I was always deeply shattered by every single failure going on my way. How could I consider it as a blessing when my life was falling apart? I would have to be crazy to tell you it was all right for me.
I was fed up seeing people always succeeding and seeing myself always failing. I was fed up seeing myself always making millimeter steps into many different directions and seeing other people always running straight to the stars.
The more difficult, the better lesson.
With the course of the time, it became obvious that my failures don’t happen without a purpose. It was either me who didn’t change and stuck to a vicious circle or life who wanted to push me toward a new path. It became obvious that the more difficult it gets, the more life wants to teach me at the final stage.
The question was what did life want to teach me?
Failure 1. Never assume it will go easy.
Expect the best, but be prepared for the worse. Whether there’s a small chance something will go wrong, I prepare myself for all possible scenarios. I already know that getting the hit straight into my face might be devastating if it lacks of proper training.
I was not prepared for any negative surprises in my life. Afterward, it took years to recover from them. Just because I was foolish to believe I can be untouchable.
How can you prepare yourself for the worst scenario?
- Keep reassuring yourself that whatever happens, you will deal with it
- If you don’t fail at least once, you don’t succeed
- There’re people who have already gone through the same. Learn by example how to overcome obstacles
- Pray. You’re not alone.
- Fail better and better
- Get a plan B
Failure 2. What doesn’t kill you makes you stronger.
In a countless number of times, I was sure it was over. I didn’t believe I could get out of that shit. I felt ashamed, I felt hopeless, I felt helpless. I knew I screwed up my chance. I knew I could not turn back time.
A woman is like a tea bag – you can’t tell how strong she is until you put her in hot water.
I’ve never considered myself being strong. Until my failures showed me a completely different person than I thought I was. I discovered a great capacity not only to survive but also to start over my efforts. To try differently. To believe in myself one more time.

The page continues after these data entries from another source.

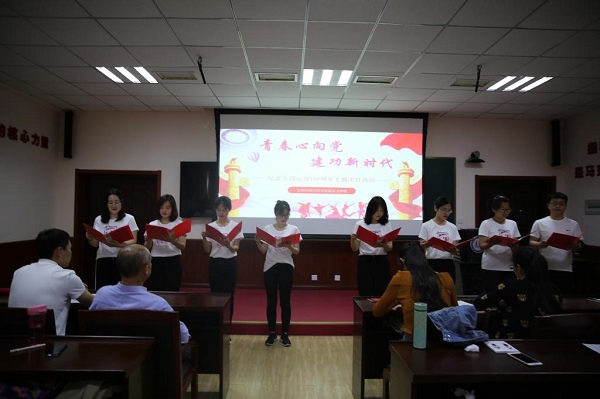 1558001008566305.jpg bevictor伟德官网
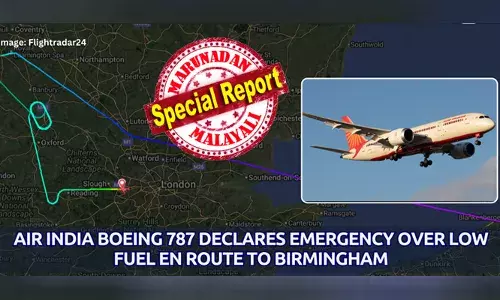 വ്യാഴാഴ്ച ബര്‍മിങാമിലേക്ക് എത്തിയ എയര്‍ ഇന്ത്യയിലെ യാത്രക്കാര്‍ രക്ഷപ്പെട്ടത് ആയുസിന്റെ ബലത്തില്‍; മഞ്ഞുമൂടിയ ആകാശത്തു കാഴ്ച തടസം വ്യക്തമായത് കവന്‍ട്രിക്ക് അടുത്ത് വിമാനം എത്തിയപ്പോള്‍; ഹീത്രോവിലേക്ക് പറക്കാന്‍ ആവശ്യമായ ഇന്ധനം പോലും തികഞ്ഞേക്കില്ലെന്ന സത്യം പൈലറ്റ് വെളിപ്പെടുത്തിയതോടെ വിമാനത്തിന് എമര്‍ജന്‍സി ലാന്‍ഡിംഗ്; എ ഐ 117 നടത്തിയത് അപൂര്‍വങ്ങളില്‍ അപൂര്‍വമായ സാഹസിക യാത്ര തന്നെ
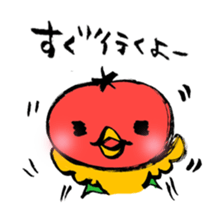 Restaurant's Ver-mon! sticker #10340040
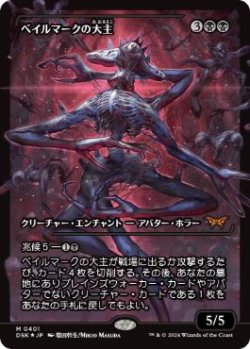 画像1: 【JPN/DSK-BF/Foil★】ベイルマークの大主/Overlord of the Balemurk  [黒] 『M』【ショーケース】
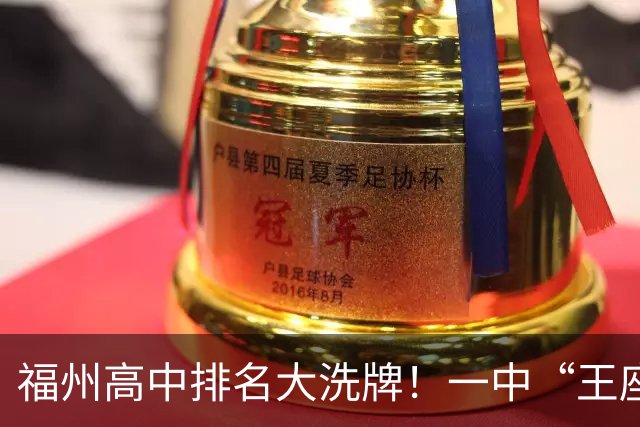 福州高中排名大洗牌！一中“王座”首次被撼动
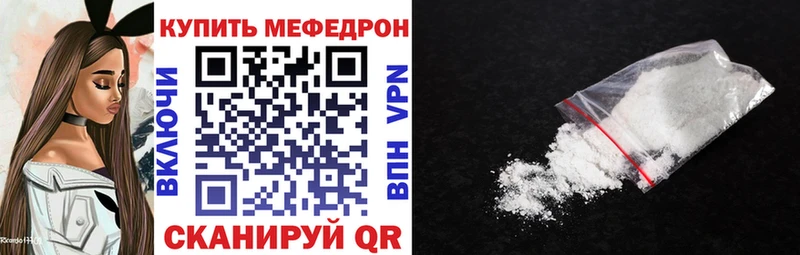 МЕФ 4 MMC  Берёзовка 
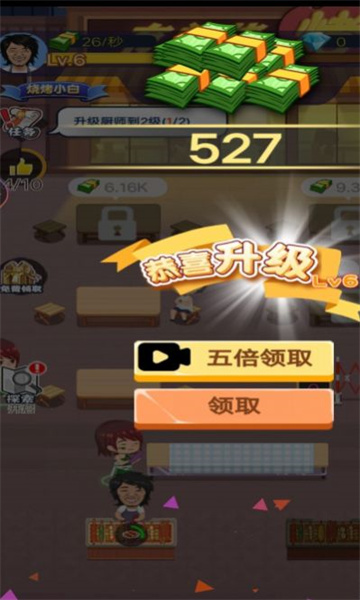 小姐姐的烧烤店游戏下载-小姐姐的烧烤店安卓下载 v1 游戏截图 4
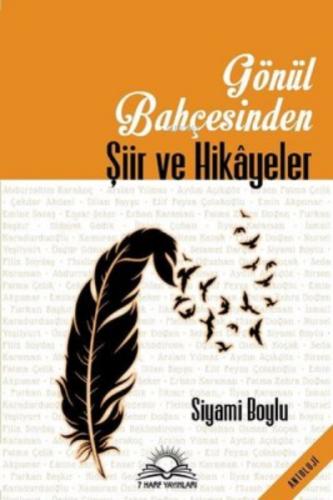 Gönül Bahçesinden Şiir ve Hikayeler  Frontansicht 1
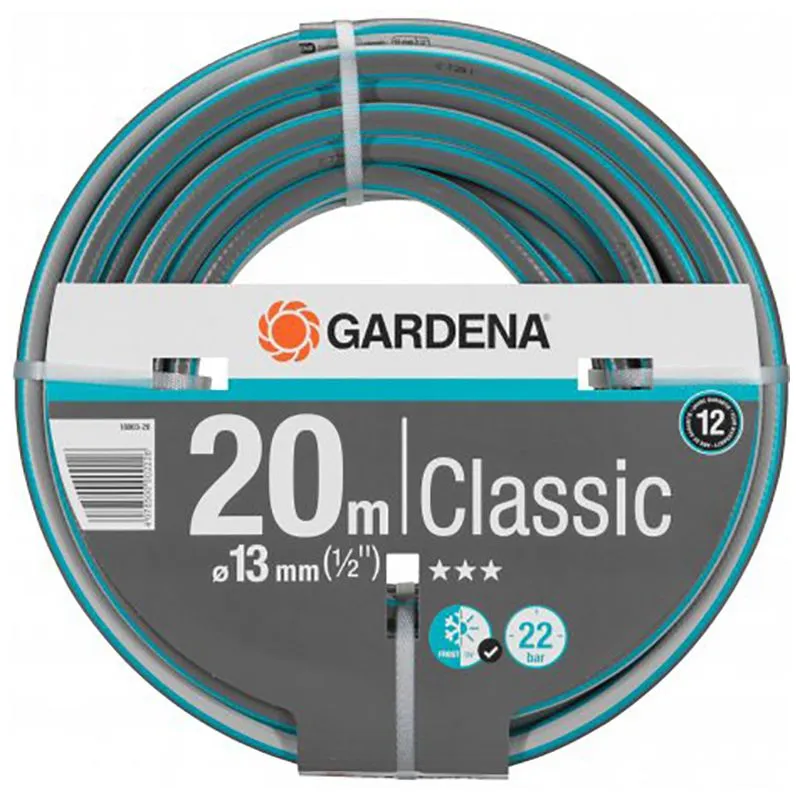 Шланг Gardena Classic 13 мм, 1/2", 20 м, 18003-20.000.00 купити недорого в Україні, фото 1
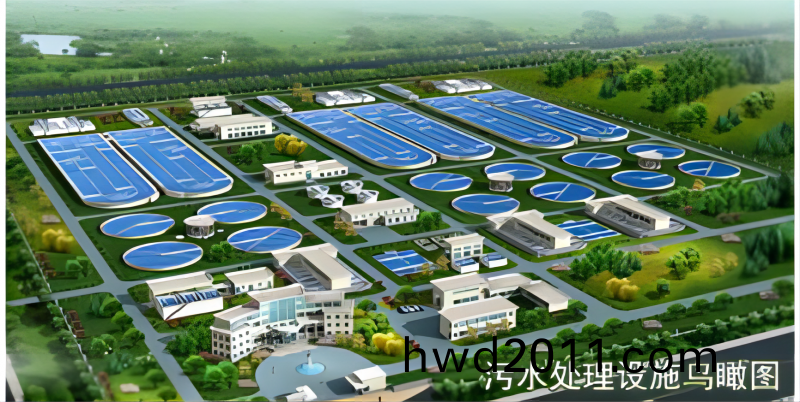 熱(re)烈慶祝我公司成功中標永(yong)城市第七(qi)汚水處理廠項目(mu)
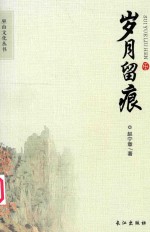巫山文化丛书 岁月留痕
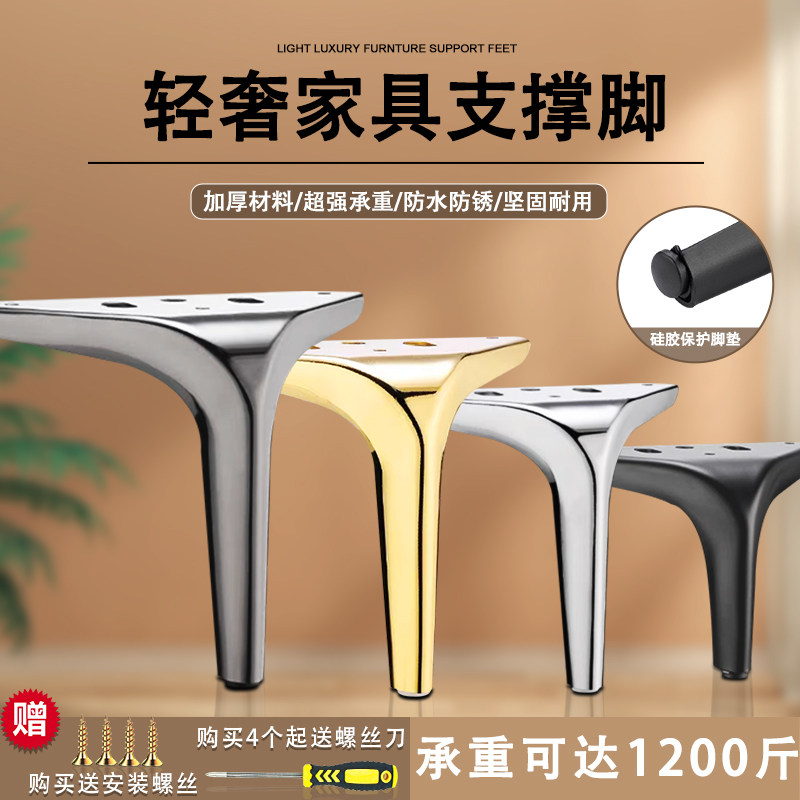 金属承重沙发脚电视柜脚茶几腿床脚支撑腿柜脚柜底支架增高家具脚,基础建材,家具脚垫,淘宝优惠券,粉丝福利购,淘宝优惠卷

Failure 3. It must take time to heal.
I cannot say my failures didn’t hurt me and that I was able to take them in the cold light of the day. They hurt me to the core. And they made me analyze, relive and overthink what happened a billion times. At that point, I would never believe time can do anything with it. At that time I would rather believe that my regret aggravates every next day of my life. While it was the opposite. Every next day of my life proved that time heals and it must take time to heal. It requires regular self-forgiveness for not being perfect, for not knowing everything, for not making good decisions.